* _WHAT THE TASK REQUIRES_: Repeat the data that follows exactly, starting at the line with "Snapshot of GoddessJovita666" and ending at the line with "Vừa tốt nghiệp", and leave out every picture.

* _DATASET CONTENT_:
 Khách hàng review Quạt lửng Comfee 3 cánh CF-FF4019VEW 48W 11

* * *

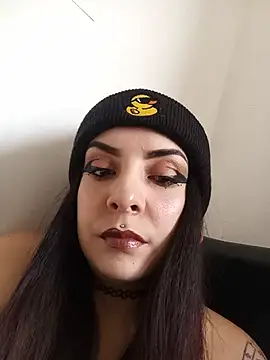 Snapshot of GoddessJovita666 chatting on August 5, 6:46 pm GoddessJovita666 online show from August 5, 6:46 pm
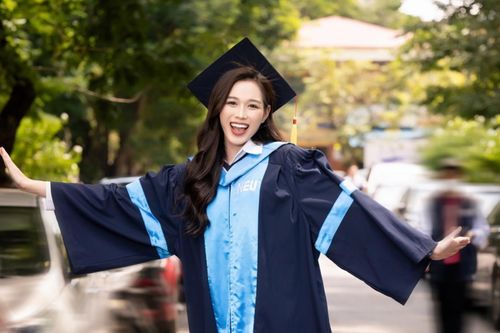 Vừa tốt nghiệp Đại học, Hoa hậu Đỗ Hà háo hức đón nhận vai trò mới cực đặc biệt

---

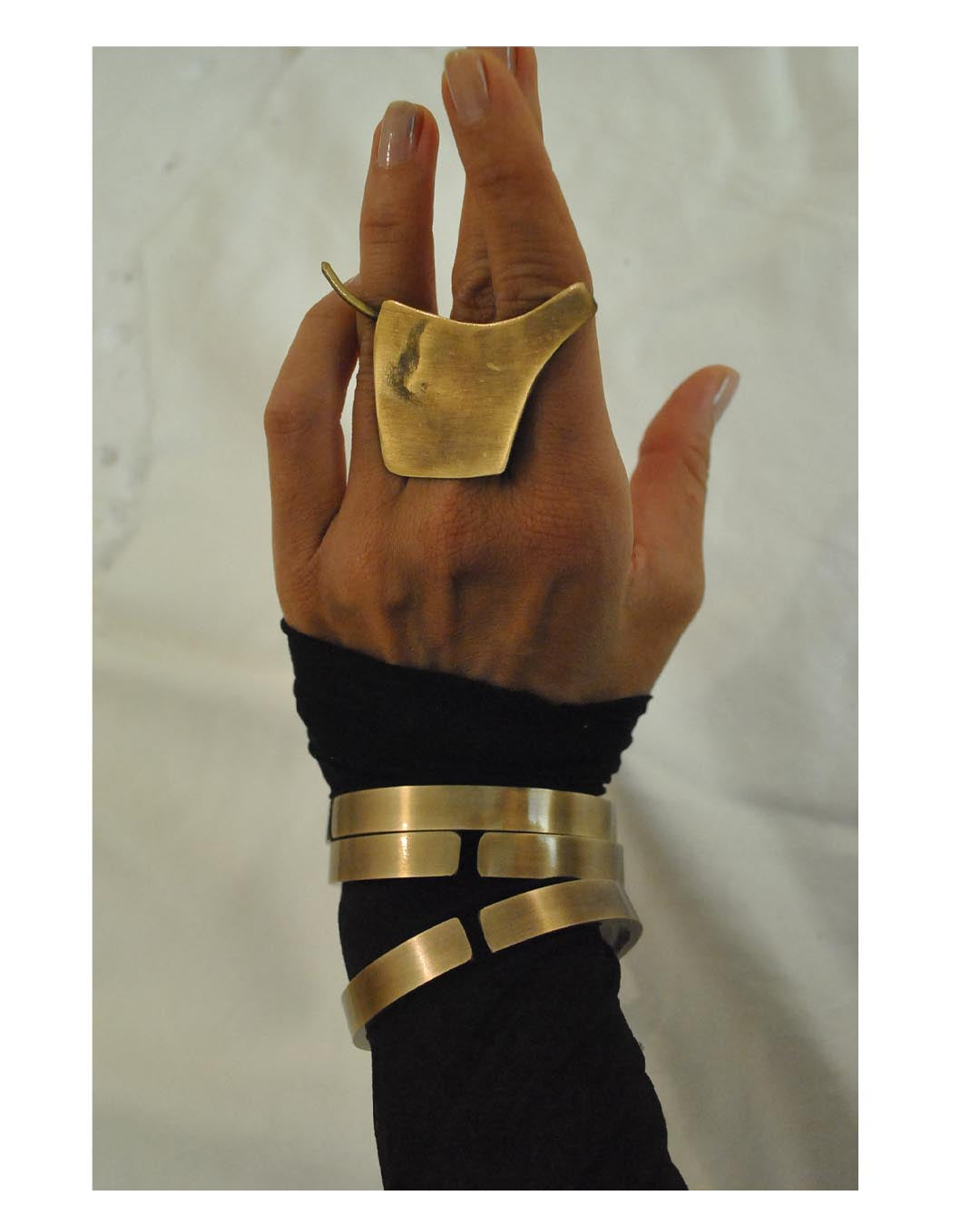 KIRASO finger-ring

* _COMPLETED TASK_:
 Snapshot of GoddessJovita666 chatting on August 5, 6:46 pm GoddessJovita666 online show from August 5, 6:46 pm
 Vừa tốt nghiệp Đại học, Hoa hậu Đỗ Hà háo hức đón nhận vai trò mới cực đặc biệt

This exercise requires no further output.